I Accuse…
I Accuse… The Anti Sikh Violence Of 1984 by Jarnail Singh
After ten days when life began returning to normal, we were allowed to go and play in the park again. We were tired of staying home. The park was our life. All three of us went to play and we found the other kids in the park were in the middle of a game of touch ball—where you have to hit the other players with the ball. The ball used to cost just fifty paise but the hits really hurt. The three of us took a while to realize that we were being hit the hardest and most often. It dawned on us that the other boys were making us targets. It was not a game; it was a form of making us scapegoats. None of the other children were being treated that way. The balls thrown at them were ones they could catch easily; the ball wasn’t being thrown at them with the intention to hurt. Perhaps we should have just stopped playing—but we were children too. We were not in the habit of running away. Swiftly, the three of us targeted the others, one by one. It was a war, not a game. The hits were painful, but we three pretended they didn’t hurt. We didn’t stop playing with the kids in the park—we had played with them all our lives. But that day we all realized that the question of being a Hindu or a Sikh had entered even children’s games.
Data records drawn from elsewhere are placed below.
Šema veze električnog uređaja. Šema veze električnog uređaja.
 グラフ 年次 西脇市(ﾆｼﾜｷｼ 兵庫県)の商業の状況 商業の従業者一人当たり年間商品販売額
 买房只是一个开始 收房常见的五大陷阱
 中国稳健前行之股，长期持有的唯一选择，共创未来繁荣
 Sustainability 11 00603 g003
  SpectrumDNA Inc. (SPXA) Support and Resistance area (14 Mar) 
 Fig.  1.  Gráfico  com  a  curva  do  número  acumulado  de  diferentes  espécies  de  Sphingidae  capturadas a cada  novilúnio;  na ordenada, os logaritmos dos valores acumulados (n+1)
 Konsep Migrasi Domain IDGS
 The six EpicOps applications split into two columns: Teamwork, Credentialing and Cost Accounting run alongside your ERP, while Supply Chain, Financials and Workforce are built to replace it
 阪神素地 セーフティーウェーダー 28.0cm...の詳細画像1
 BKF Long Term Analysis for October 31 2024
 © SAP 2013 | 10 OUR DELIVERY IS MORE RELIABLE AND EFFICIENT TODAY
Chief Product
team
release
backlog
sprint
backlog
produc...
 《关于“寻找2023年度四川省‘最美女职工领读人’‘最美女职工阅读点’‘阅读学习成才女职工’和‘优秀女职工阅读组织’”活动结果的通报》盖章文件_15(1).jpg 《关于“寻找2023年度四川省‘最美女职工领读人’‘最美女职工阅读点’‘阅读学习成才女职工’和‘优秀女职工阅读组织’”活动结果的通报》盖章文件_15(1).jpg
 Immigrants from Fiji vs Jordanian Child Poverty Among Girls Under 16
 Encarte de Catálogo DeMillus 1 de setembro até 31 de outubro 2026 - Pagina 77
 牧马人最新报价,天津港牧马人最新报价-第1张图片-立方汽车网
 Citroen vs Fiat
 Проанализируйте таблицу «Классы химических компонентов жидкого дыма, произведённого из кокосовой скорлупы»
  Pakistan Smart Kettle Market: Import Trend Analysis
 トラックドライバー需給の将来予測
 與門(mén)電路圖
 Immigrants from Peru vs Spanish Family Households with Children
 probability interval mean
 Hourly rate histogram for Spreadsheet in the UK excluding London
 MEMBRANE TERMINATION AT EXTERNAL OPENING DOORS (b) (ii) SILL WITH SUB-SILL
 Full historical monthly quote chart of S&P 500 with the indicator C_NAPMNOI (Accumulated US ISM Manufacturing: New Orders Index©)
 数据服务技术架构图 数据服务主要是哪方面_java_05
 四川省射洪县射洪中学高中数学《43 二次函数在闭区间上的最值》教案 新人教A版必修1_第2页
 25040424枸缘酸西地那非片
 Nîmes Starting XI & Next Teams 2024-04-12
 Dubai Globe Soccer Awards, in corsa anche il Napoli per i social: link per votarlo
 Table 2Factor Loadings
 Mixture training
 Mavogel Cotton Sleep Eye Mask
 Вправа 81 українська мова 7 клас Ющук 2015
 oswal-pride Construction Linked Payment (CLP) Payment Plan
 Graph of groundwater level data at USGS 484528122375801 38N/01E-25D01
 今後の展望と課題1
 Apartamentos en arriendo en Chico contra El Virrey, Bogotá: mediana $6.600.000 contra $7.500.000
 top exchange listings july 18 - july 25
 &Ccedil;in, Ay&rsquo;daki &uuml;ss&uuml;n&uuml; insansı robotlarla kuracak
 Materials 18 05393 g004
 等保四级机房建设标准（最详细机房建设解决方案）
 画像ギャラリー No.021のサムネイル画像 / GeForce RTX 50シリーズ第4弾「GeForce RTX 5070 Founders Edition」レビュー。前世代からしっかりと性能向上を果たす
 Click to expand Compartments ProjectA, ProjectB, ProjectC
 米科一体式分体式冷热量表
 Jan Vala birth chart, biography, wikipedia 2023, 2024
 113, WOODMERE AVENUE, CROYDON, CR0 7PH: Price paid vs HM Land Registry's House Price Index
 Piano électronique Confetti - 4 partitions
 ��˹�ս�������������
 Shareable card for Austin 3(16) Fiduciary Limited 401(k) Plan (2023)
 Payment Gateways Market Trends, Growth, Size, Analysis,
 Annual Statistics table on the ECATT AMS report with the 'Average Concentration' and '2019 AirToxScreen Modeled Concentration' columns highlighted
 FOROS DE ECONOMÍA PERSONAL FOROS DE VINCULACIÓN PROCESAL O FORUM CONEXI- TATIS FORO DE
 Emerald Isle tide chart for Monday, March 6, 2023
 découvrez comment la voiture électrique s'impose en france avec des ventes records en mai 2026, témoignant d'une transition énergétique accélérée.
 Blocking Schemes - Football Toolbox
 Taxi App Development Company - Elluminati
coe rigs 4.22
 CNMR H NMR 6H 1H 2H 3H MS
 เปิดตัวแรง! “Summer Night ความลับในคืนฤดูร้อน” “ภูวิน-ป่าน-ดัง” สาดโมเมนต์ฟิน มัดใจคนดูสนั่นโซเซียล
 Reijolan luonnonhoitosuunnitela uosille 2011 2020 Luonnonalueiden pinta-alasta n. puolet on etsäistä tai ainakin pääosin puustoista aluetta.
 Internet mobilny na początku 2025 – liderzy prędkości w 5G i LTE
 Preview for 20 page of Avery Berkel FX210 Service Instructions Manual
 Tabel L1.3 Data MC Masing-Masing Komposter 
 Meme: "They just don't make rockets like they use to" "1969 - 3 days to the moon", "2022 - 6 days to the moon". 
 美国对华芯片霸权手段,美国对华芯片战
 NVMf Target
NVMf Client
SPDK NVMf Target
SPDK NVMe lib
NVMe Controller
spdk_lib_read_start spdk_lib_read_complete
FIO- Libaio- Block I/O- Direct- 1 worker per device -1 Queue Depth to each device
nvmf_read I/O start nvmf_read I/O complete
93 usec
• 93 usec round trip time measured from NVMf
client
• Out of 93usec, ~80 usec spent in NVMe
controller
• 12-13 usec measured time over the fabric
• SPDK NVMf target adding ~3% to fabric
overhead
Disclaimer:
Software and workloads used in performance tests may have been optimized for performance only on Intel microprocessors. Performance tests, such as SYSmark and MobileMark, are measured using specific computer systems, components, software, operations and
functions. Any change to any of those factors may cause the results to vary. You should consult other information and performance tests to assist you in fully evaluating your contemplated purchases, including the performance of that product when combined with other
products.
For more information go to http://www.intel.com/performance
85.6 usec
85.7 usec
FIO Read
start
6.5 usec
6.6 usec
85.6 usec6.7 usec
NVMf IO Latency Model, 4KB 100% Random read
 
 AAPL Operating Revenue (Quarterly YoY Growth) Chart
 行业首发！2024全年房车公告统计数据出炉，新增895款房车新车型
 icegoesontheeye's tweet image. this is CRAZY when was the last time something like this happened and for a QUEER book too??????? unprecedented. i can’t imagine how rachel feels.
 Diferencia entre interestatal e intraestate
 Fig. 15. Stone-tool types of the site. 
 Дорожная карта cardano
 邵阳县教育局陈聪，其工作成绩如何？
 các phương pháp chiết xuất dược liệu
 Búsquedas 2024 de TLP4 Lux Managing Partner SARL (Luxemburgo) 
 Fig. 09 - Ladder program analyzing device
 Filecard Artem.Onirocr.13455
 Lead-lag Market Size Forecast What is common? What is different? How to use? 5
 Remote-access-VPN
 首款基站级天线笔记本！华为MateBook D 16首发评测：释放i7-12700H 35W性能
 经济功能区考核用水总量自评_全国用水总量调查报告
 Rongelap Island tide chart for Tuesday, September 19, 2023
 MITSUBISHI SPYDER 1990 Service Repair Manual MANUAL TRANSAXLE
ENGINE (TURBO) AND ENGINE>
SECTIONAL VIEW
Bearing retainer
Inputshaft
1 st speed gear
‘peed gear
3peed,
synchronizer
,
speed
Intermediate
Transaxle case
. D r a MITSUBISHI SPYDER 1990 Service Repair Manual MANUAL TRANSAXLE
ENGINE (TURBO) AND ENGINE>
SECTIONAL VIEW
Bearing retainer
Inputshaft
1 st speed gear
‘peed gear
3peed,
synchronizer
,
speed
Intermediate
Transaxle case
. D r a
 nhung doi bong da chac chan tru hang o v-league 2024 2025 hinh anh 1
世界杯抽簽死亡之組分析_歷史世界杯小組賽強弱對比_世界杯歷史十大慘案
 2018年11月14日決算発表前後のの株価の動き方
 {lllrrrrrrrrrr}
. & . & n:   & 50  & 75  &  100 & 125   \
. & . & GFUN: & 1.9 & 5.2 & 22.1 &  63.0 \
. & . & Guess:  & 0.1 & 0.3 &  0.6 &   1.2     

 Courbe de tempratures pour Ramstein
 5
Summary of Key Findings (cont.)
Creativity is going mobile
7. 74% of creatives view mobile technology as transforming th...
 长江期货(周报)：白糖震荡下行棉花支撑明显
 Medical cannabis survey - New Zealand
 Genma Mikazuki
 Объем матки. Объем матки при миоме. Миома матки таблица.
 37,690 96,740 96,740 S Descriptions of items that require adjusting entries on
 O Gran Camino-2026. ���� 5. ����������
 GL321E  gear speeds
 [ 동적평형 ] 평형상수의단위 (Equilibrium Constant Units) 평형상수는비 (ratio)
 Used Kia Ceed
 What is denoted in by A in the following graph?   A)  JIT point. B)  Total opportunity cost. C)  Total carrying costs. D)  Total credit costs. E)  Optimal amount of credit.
We were all in the same age group and went to the same school. We spent our free time together and plucked Ramchandra Aunty’s and Roshini Aunty’s guavas together. We used to fight earlier too but now we became the objects of taunts, ‘Sardaron ke barah baj gaye,’ they would shout. They'd said this to us before, but this was different; this was not a joke, but a taunt. One of the boys, Titu we called him, said, ‘If you fight too much, I will call the same people who killed Sikhs on 31 October and 1 November. Your house got saved in the riots but this time I will tell them the correct address.’ Titu was in my class, his mother and my mother were friends. Children have fights, it’s natural; but it was also natural that we started reacting aggressively too. Today I am still friends with many of those boys; we don’t speak of that time. When I was younger, I thought I would forget. I know now that things will never be the same again.